Could you write out the listing below exactly as it stands, leaving out the pictures?

> **DATASET EXCERPT**:
──────

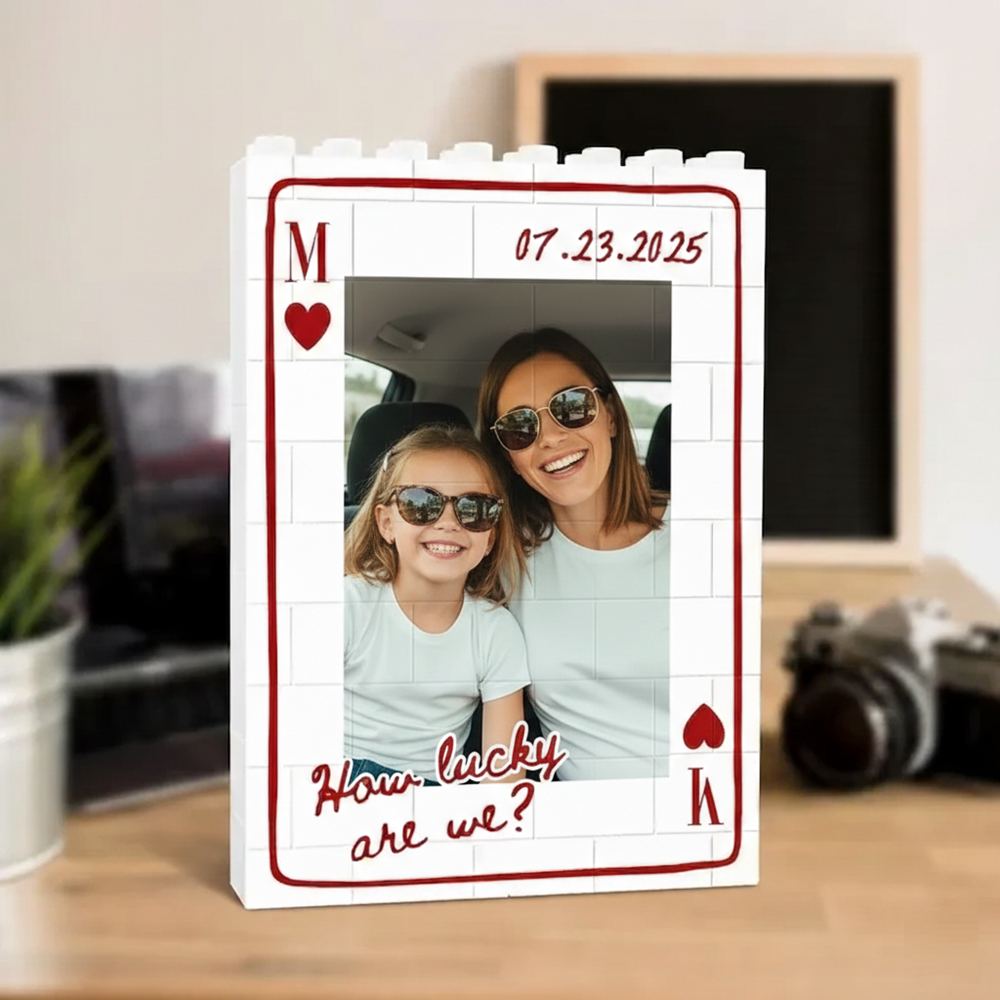 Custom Photo Brick Puzzle Frame – Build Warmth, A Sweet Gift for Mom & Mother's Day - Get Photo Blanket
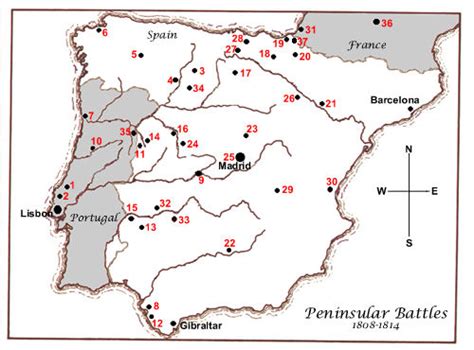 Battles of the Peninsular War : Spain : Portugal : Salamanca : Vimiero : Vitoria : Corunna ...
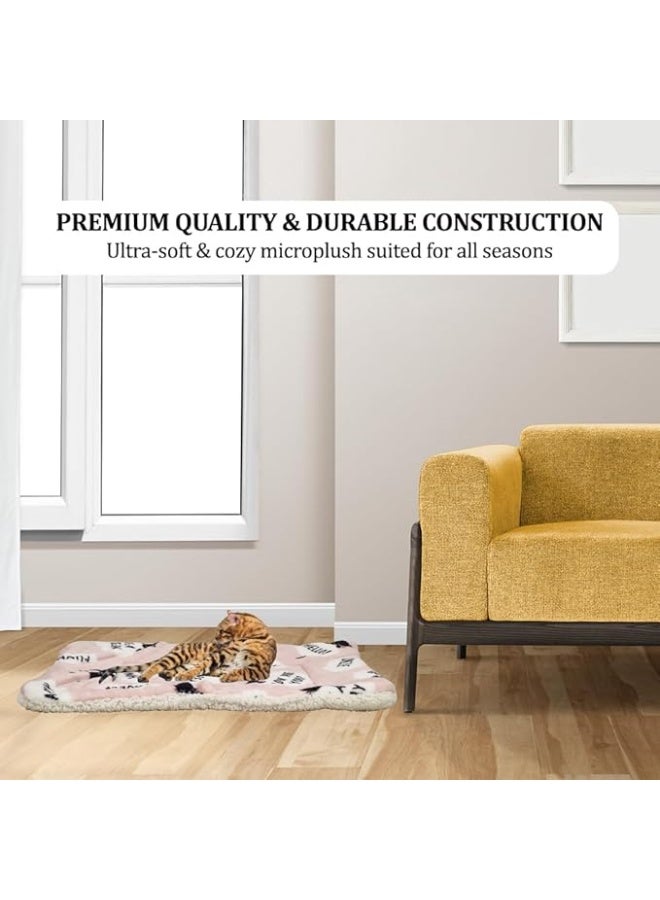 أن ان سي بيتس سجادة سرير للكلاب، بطانية نوم فائقة النعومة للحيوانات الأليفة الصغيرة والمتوسطة، بطانية صوف قابلة للعكس، سجادة للكلاب قابلة للغسل في الغسالة بتصميم مطبوع لطيف، بطانية دافئة للحيوانات الأليفة (58 سم) - Image 5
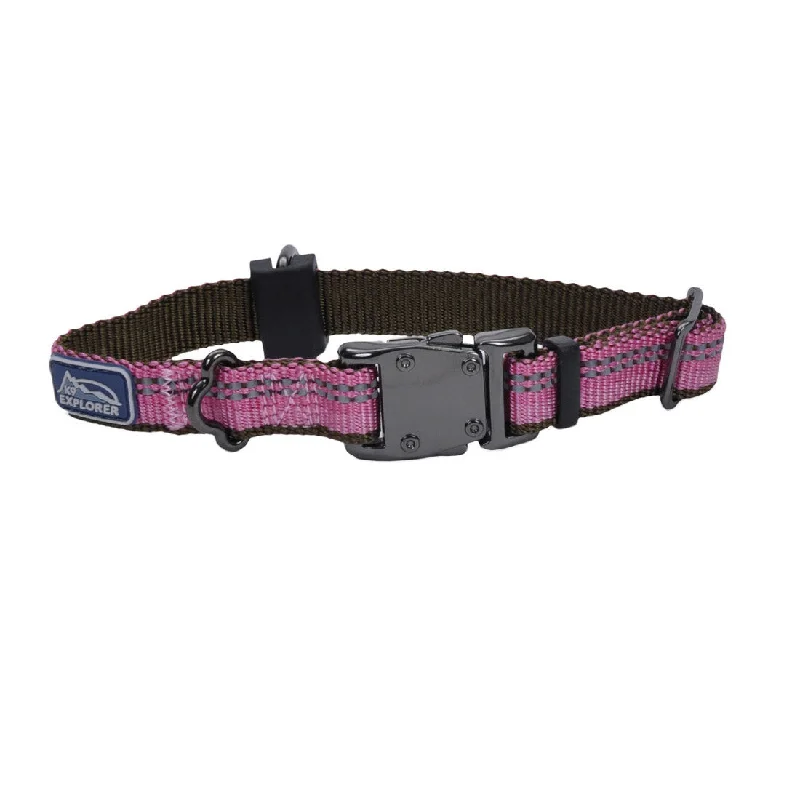 - Pet stroller can be taken on the planeCoastal Pet K9 Explorer Reflective Adjustable Dog Collar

──────

> **COMPLETED TASK**:
 Custom Photo Brick Puzzle Frame – Build Warmth, A Sweet Gift for Mom & Mother's Day - Get Photo Blanket
 Battles of the Peninsular War : Spain : Portugal : Salamanca : Vimiero : Vitoria : Corunna ...
 أن ان سي بيتس سجادة سرير للكلاب، بطانية نوم فائقة النعومة للحيوانات الأليفة الصغيرة والمتوسطة، بطانية صوف قابلة للعكس، سجادة للكلاب قابلة للغسل في الغسالة بتصميم مطبوع لطيف، بطانية دافئة للحيوانات الأليفة (58 سم) - Image 5
 - Pet stroller can be taken on the planeCoastal Pet K9 Explorer Reflective Adjustable Dog Collar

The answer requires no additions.